The Preacher, actually Paul Atreides, returns once more to the steps of the temple and exposes Alia's conversion to Abomination to the Fremen. Her priests soon murder him, as Alia's nephew Leto II returns from hiding, his sister Ghanima in tow. The twins offer Alia their help conquering her inner lives, as they had. Alia then loses all control over the other personalities within her and they all fight for dominance over her. Leto realizes that the Baron's hold over her is too strong, and provides two options: a Trial of Possession, an ancient ritual that would guarantee the Baron's undoing; and the open window, high above the temple steps. As a helpless Jessica looks on, Alia regains control of her body long enough to leap out the window to her death.

===Hunters of Dune===
In the Brian Herbert/Kevin J. Anderson novel Hunters of Dune (2006), the Face Dancer Khrone manages to restore the memories of the Baron Vladimir Harkonnen ghola. The Baron is displeased to note that Alia's voice haunts him in his head, somehow in a reversal of the influence he had over her while she was in the throes of Abomination in Children of Dune. Although not possessing the body of the Baron, Alia taunts him mercilessly.

===Sandworms of Dune===
In Sandworms of Dune (2007), the voice of Alia continues to irk the Baron, driving him to frequent outbursts that confuse those around him.

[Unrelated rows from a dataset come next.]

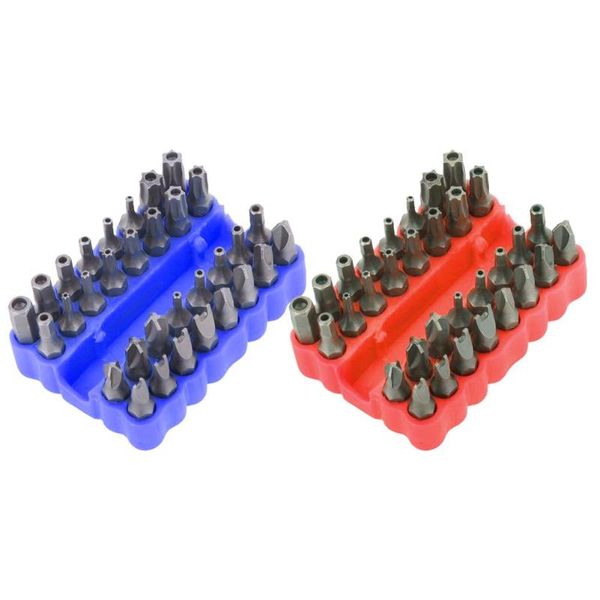 33pcs/set portable screwdrivers bits chrome vanadium steel magnetic super hardness high torque hollow electric drill hand tools
33pcs/set portable screwdrivers bits chrome vanadium steel magnetic super hardness high torque hollow electric drill hand tools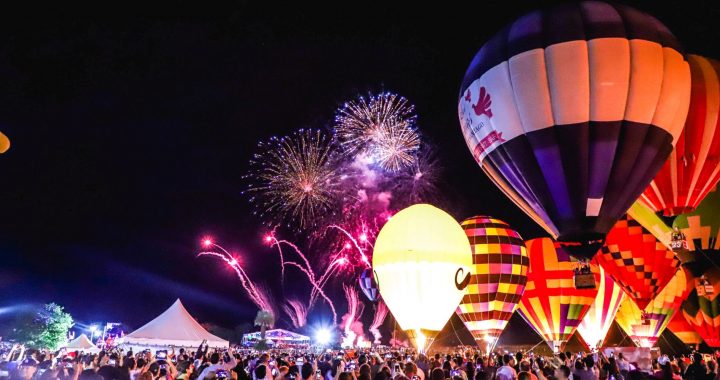 En el mes de octubre se realizará el evento Cielo Mágico en Santiago Nuevo León, 50 globos aerostáticos en el cielo.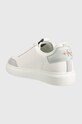 Obuwie Calvin Klein Jeans sneakersy skórzane CASUAL CUPSOLE HIGH/LOW FREQ YM0YM00670 biały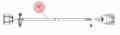Picture of Mercury-Mercruiser 84-8M0169399 Extension Harness Assembly Lever 1, 3 Ft.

Alia is recreated as a ghola on the no-ship Ithaca; in an attempt to grow Alia exactly as she had been in life, the axlotl tank is flooded with a near-lethal dose of the spice melange. Although the Alia ghola shows a great deal more maturity than would be expected for her age, she does not display any Other Memory or signs of Abomination. The reincarnated Baron Harkonnen murders the four-year-old Alia ghola on the Ithaca, but is soon murdered himself by the Wellington Yueh ghola.

==In adaptations==
Alia is portrayed by Alicia Witt in David Lynch's 1984 film adaptation, by Laura Burton in the 2000 miniseries Frank Herbert's Dune and by Daniela Amavia in its 2003 sequel, Frank Herbert's Children of Dune.

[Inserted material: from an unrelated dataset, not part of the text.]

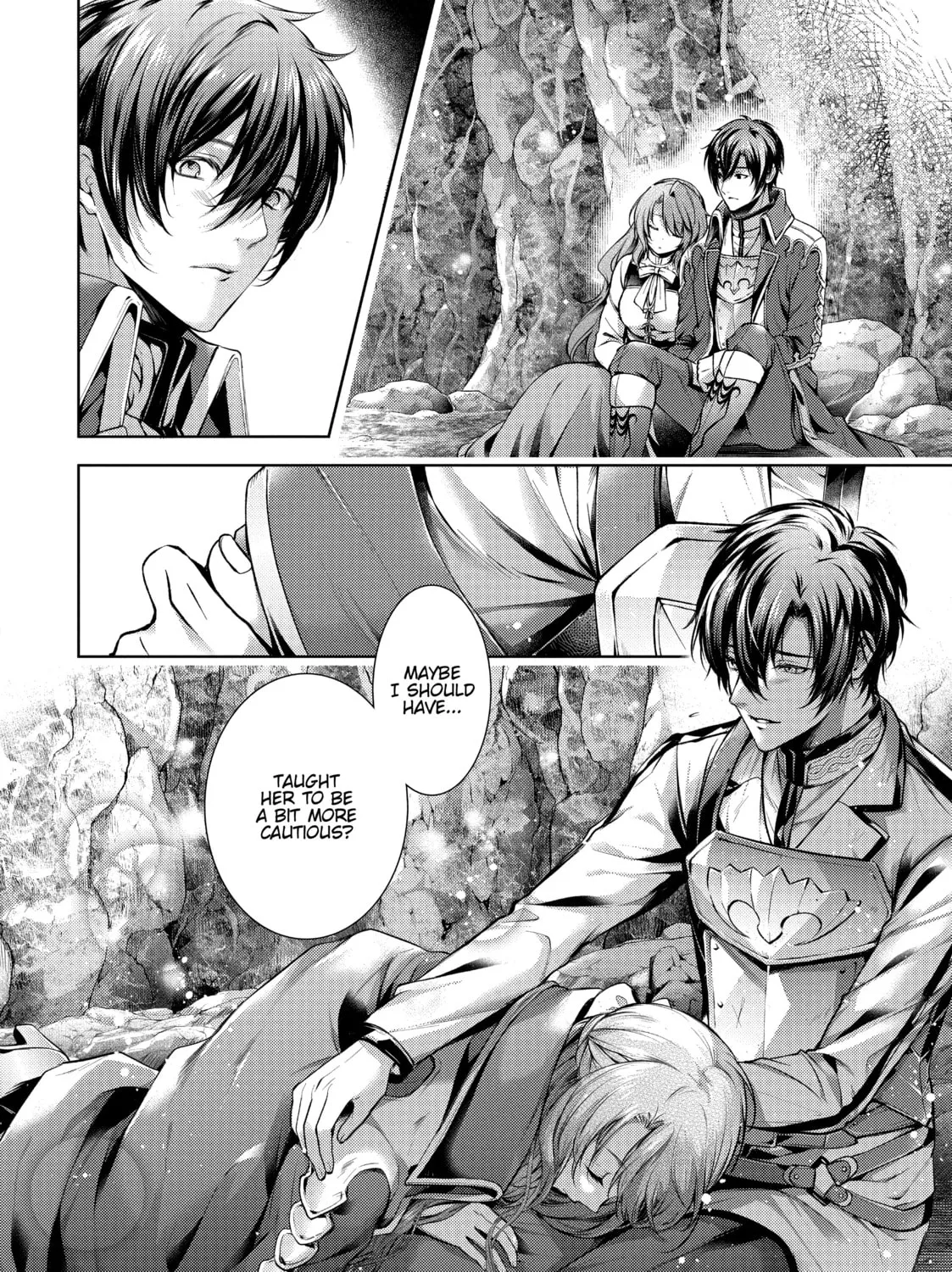 Read The Dragon Knight’s Beloved chapter 30 image 42 on Lezhin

Alia appears briefly as an infant in one of Paul's visions of the future in the 2021 film Dune, which covers the first part of the book. The casting of Anya Taylor-Joy in Dune: Part Two as an adult Alia in a cameo appearance was kept secret until the February 2024 film premiere in London.

Laura Fries of Variety wrote in 2003, regarding the miniseries adaption of Alia, "Amavia and [[Julie Cox|[Julie] Cox]] as the tortured Alia and the put-upon Irulan offer layered performances". Emmet Asher-Perrin of Tor.com called Amavia's portrayal of Alia a "highlight" of the miniseries, and praised the attention paid to Alia's character development. Asher-Perrin praised the miniseries' departure from the novel in regard to Alia's fate:

And rather than have Alia throw herself out a window to end her possession once and for all, the miniseries does something devastating—Alia stabs herself, and as she lies on the floor dying, Jessica takes her into her arms. In a moment of exact parallel between her child self in the Dune miniseries, Alia reaches up to touch her mother's tears, tastes them, then whispers, "I want my brother," before joining him in death. It is one of those rare moments that makes the book seem clumsy and frail by comparison.

In the scripting of 2024's Dune: Part Two, director Denis Villeneuve opted to compress the timeline of events in order to keep Jessica pregnant throughout the film, explaining that he considered it "really fresh and original to have a character who is pregnant and still a powerful woman, a central figure of the story." As a result of the change, the adaptation assigns aspects of Alia's role in the book's climax to Paul. Instead, Jessica communicates with the sentient fetus throughout the film, while an adult Alia (played by Taylor-Joy) appears in one of Paul's visions of the future. Villeneuve acknowledged "it's a strong curve that we took, but I felt that it was very close to the spirit of the book."